First there were glitterbombs to send to your enemies. Then came the bag of dicks to mail to the haters. Now you can gift all the assholes in your life a good ol’ fart in a jar.
‘Send a Jart’ is a stinky service that’ll send anyone a sealed flatulence in a jar—along with a nice little note—for the meager price of $10. Choose your stench: 8hr Trucker Fart, Hungover Frat Boy, or Competitive Eater—all the pungent scents from your worst olfactory nightmares.
Just imagine the recipient’s face once they open the jar and gag on the aroma of waking up on Sunday morning after hooking up with a frat boy. Let’s hope there’s at least an insurance policy if the present ends up causing some nasty pink eye.
The site offers some stellar testimonials, if you’re wary of such businesses. Here’s one from Jennifer S.:
“A few months ago, I put my lunch in the fridge at work.

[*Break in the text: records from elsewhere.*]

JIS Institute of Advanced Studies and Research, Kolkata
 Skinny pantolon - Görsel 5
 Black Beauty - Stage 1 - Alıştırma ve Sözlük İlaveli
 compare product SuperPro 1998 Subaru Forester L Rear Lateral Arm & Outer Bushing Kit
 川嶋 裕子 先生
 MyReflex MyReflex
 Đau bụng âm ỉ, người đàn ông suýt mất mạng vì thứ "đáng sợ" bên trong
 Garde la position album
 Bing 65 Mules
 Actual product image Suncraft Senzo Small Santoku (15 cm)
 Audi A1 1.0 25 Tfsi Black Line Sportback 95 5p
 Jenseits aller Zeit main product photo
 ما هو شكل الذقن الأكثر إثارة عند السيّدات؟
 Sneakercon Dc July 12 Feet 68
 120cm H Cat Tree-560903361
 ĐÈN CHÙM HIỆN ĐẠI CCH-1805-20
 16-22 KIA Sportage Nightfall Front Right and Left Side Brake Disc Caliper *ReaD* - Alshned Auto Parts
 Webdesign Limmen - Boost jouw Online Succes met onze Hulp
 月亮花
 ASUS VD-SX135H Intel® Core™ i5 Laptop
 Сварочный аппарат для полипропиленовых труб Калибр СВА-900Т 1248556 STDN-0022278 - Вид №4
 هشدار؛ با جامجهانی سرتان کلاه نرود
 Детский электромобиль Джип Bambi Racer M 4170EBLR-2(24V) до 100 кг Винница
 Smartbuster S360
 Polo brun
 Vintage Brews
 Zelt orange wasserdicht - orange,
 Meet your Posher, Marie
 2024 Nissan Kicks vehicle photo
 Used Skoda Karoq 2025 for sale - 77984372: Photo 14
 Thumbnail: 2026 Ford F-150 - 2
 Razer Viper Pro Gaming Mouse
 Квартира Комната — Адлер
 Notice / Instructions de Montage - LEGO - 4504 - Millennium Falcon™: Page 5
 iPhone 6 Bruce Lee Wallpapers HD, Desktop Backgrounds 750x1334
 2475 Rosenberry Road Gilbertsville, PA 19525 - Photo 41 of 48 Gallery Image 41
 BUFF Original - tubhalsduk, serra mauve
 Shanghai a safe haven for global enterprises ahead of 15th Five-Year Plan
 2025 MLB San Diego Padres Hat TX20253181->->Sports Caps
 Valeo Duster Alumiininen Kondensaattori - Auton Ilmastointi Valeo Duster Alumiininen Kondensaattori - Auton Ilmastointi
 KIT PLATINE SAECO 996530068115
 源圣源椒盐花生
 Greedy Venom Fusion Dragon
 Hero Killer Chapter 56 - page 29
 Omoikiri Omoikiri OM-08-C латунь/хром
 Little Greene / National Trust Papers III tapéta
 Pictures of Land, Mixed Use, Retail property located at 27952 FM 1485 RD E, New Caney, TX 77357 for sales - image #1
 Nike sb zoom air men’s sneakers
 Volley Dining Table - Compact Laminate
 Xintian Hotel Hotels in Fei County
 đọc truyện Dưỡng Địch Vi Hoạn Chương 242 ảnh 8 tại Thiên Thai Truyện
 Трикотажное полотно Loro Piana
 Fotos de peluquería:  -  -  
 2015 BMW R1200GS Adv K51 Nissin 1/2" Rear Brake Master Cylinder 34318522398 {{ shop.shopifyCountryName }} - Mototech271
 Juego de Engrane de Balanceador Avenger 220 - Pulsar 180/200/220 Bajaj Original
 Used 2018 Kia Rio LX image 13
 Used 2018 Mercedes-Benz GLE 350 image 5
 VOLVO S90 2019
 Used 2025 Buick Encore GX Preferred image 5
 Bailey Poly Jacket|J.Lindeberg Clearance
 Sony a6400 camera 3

It had my name on it in big bold letters. I caught someone eating it and asked them if their name was “Jennifer.” Turns out it was. Two can play that game, girl. I sent her a Jart a week later. She won the battle, but I won the war.”
We are truly blessed to live in a time where we can ship off some poopy breeze to people we just don’t like—or even our besties, just to give them a little trollish love.
And hey, if you end up opening a jart, let it air out and you can use the mason jar as a nice little vase or drink glass.